This summer's biggest on-court move for Sacramento was easily the decision to not re-sign Tyreke Evans. The Kings were able to nab a nice asset from New Orleans in Greivis Vasquez in return, and as such, many fans view Vasquez as Sacramento's starting PG already. It's easy to see why. When you trade a player of Evans quality, you're hoping to get a starter in return. Vasquez also led the league in total assists last year, a skill that is much needed on a Kings team that is oft-labeled as selfish and rightly so.
But there's a 5'9, 185 lb. problem with simply penciling in Vasquez as the starter. Isaiah Thomas is the incumbent and will be working hard to stay that way.

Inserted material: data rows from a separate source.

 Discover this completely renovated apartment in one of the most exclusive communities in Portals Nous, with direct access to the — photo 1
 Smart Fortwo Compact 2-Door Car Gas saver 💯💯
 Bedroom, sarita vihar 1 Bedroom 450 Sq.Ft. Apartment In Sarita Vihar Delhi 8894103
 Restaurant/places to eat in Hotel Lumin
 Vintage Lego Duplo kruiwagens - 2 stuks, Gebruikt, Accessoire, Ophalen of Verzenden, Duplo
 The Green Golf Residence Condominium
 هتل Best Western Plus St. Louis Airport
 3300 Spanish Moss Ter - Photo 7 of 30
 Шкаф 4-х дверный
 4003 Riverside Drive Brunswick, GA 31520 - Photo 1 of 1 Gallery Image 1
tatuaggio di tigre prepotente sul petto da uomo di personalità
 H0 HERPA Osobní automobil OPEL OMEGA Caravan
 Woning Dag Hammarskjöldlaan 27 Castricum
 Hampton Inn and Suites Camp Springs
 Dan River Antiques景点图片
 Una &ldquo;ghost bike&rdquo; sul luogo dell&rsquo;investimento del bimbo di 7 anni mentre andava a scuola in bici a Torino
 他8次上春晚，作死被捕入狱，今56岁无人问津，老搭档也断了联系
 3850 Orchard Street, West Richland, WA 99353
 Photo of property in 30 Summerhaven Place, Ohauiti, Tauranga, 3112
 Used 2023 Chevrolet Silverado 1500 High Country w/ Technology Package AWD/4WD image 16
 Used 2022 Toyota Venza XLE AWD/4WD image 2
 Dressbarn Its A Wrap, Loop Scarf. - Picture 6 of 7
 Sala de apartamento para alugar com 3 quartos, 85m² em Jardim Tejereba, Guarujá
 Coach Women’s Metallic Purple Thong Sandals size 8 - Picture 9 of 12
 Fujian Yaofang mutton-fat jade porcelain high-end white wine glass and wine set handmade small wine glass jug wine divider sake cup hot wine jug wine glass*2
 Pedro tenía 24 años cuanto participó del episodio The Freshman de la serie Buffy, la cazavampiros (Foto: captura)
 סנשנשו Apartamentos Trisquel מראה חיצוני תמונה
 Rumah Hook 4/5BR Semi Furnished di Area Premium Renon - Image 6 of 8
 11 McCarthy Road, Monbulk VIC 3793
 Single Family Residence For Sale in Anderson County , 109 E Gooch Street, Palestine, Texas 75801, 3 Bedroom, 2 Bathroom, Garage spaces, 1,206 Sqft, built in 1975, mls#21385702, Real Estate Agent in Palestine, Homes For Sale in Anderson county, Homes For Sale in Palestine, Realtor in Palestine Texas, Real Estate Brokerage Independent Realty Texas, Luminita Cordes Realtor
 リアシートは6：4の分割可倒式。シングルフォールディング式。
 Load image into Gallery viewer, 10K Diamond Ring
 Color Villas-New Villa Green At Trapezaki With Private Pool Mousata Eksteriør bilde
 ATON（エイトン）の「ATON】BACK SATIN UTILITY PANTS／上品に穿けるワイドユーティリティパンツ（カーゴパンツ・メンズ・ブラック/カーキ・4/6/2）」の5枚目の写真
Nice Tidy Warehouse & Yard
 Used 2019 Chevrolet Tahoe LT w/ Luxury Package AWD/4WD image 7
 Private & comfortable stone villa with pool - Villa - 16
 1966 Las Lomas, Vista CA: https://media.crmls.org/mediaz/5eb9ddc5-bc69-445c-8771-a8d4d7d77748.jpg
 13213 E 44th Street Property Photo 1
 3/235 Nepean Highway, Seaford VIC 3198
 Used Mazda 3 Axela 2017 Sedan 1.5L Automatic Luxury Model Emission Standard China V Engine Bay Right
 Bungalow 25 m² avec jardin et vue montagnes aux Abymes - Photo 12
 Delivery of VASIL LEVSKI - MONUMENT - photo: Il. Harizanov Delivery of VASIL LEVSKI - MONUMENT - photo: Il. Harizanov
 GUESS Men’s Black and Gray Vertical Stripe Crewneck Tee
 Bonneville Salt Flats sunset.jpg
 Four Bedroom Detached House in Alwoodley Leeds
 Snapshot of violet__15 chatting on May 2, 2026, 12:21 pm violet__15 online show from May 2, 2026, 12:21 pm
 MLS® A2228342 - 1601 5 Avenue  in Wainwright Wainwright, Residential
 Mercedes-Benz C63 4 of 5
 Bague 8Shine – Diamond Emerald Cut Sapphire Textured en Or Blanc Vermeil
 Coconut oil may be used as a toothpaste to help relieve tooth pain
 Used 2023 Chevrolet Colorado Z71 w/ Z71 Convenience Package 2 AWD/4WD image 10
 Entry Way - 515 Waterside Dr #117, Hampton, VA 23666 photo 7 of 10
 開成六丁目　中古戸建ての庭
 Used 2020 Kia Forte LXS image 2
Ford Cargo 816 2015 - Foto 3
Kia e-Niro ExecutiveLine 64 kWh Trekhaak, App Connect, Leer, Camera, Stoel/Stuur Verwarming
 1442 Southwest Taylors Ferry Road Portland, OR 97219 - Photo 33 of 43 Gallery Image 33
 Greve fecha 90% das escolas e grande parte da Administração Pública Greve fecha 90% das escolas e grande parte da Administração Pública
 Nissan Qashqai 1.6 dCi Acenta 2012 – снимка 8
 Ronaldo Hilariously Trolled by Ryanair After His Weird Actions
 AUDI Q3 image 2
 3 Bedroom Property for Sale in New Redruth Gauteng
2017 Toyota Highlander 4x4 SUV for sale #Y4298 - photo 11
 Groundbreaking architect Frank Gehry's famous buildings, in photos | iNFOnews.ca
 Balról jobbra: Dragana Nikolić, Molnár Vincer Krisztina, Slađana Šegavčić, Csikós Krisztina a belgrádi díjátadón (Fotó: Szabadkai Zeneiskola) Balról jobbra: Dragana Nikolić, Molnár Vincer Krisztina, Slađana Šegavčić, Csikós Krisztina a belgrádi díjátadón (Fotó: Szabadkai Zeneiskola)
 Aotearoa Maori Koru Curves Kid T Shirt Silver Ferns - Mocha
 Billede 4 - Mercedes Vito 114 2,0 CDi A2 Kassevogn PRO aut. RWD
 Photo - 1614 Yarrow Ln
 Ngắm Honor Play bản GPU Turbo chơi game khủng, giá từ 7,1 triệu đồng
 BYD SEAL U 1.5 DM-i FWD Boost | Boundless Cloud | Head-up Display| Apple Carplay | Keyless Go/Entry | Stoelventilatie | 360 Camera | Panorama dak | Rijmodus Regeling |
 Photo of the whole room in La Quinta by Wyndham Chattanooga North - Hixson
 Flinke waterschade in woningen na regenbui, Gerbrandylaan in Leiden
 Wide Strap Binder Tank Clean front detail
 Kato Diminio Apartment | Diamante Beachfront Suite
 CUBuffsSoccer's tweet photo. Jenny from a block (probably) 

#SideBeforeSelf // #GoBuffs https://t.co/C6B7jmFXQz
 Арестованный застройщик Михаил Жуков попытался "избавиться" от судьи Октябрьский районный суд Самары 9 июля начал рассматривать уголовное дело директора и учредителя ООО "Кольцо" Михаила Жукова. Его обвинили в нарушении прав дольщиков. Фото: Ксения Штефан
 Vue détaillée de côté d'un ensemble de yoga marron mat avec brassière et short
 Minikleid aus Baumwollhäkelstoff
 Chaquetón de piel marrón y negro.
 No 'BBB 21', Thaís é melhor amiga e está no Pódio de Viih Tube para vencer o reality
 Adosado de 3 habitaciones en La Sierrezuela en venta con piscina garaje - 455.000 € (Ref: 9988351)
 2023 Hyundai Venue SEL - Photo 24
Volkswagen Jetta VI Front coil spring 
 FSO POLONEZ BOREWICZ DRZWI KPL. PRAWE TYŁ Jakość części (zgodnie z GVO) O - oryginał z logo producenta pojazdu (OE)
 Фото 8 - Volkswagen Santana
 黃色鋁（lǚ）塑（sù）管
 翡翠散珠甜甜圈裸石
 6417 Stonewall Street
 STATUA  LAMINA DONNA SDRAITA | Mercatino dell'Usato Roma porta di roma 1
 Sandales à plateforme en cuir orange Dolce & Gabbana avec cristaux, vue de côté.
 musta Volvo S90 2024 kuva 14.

Thomas has already blown by any and all expectations that were set for him in the NBA. Last picks in the draft aren't usually expected to even make a team, let alone start. But Isaiah Thomas was able to do that and more. In his career-to-date he's proven that he's an exceedingly talented scorer, a good passer, and a capable defender. More so than probably any other player in the last two years, Thomas has single-handedly kept Sacramento in games that they shouldn't have been in. He's also been very consistent despite changing circumstances. Last year, Thomas had a bit of a rough start due to a new offense that Keith Smart tried to install that was soon scrapped. He ended up losing his starting role to Aaron Brooks for a while because of his troubles in that offense. That proved to be a mistake. Brooks was a better shooter than Thomas, but a much worse passer and defender. Thomas eventually re-joined the starting lineup while Brooks was waived midway through the season.
That brings us to this year, where Thomas again seemingly faces an uphill battle to retain his spot in the starting lineup. The Kings have brought in two new Point Guards in Vasquez and rookie Ray McCallum. Both Vasquez and Thomas will be playing for new contracts this season. McCallum had a nice summer league, but until he proves himself in the NBA, he'll be on the sideline, or more likely, in Reno.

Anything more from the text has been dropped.